NEW YORK, September 14, 2006
By Nicole Phelps
Today's lovely Vera Wang show made it clear why Kohl's courted the designer for two years and why she's poised to succeed in translating her vision to the moderate-priced clothes she'll design for its hundreds of department stores. Over the last few seasons Wang has expertly refined her signatures. You know a Vera jacket when you see it: the subtle sheen of the silk faille; the short, elbow-length sleeves; the blossoming volume below the bust; the rosette attached with offhand insouciance. She's a brand where other designers are collections of borrowed ideas.

That's not to say that she didn't evolve for spring. There was a new balletic quality to the clothes that went beyond the pink rehearsal bar at the entrance to the runway. She played with transparency, a big spring motif, by encasing the lower half of a dress in a bubble of tulle, shrouding a sequined camisole with net, and showing cropped chiffon pants under tunics. She also worked layers, tweaking, for instance, dressed-up gold brocade by tossing a black cotton chemise over it.

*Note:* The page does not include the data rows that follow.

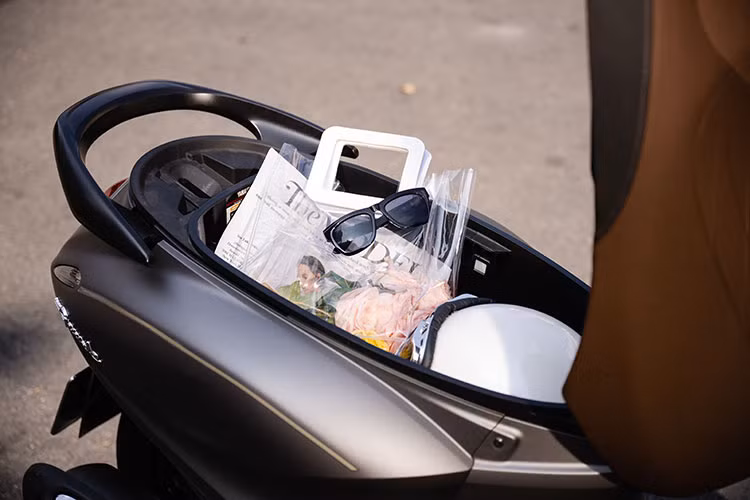 Cốp xe rộng 27 lít kèm đèn LED tiện lợi.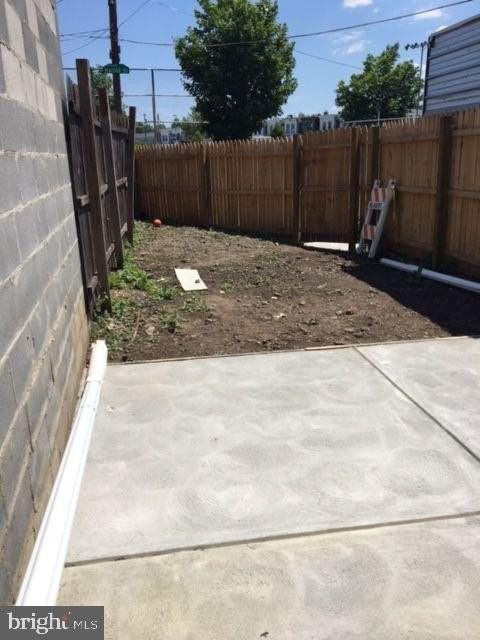 2445 E Huntingdon St - Photo 7 of 21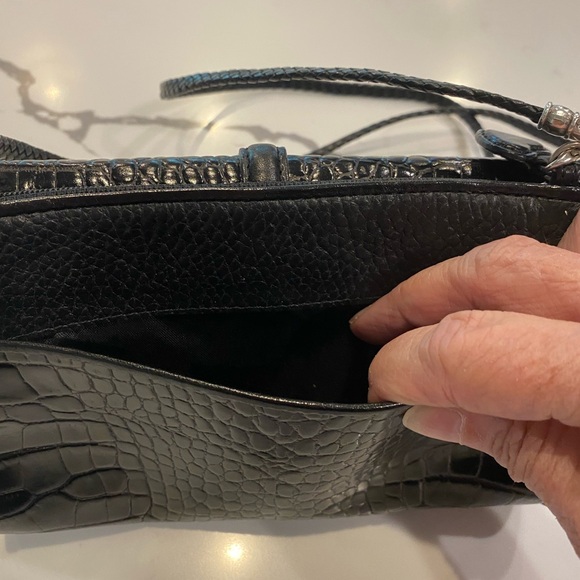 ☀️Host Pick☀️ EUC Brighton Black Leather & Croc Embossed Shoulder WOC - Picture 3 of 15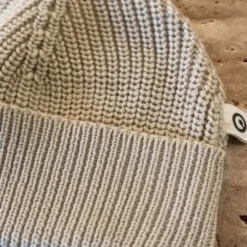Knit chunky beanie
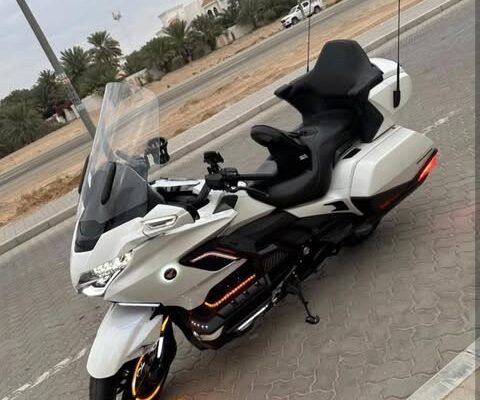 Honda Gold Wing 2018 Gcc for sale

But what was really interesting was the way she brought her own simple style of dressing to bear on the proceedings. Wang loves a legging and a big sweater. Today she showed fine-gauge cardigans covetable in their cool simplicity and skinny pants that added a casual element the collection formerly lacked. Practice for the Very Vera line that hits Kohl's a year from now? Yes or no, it all looked beautiful.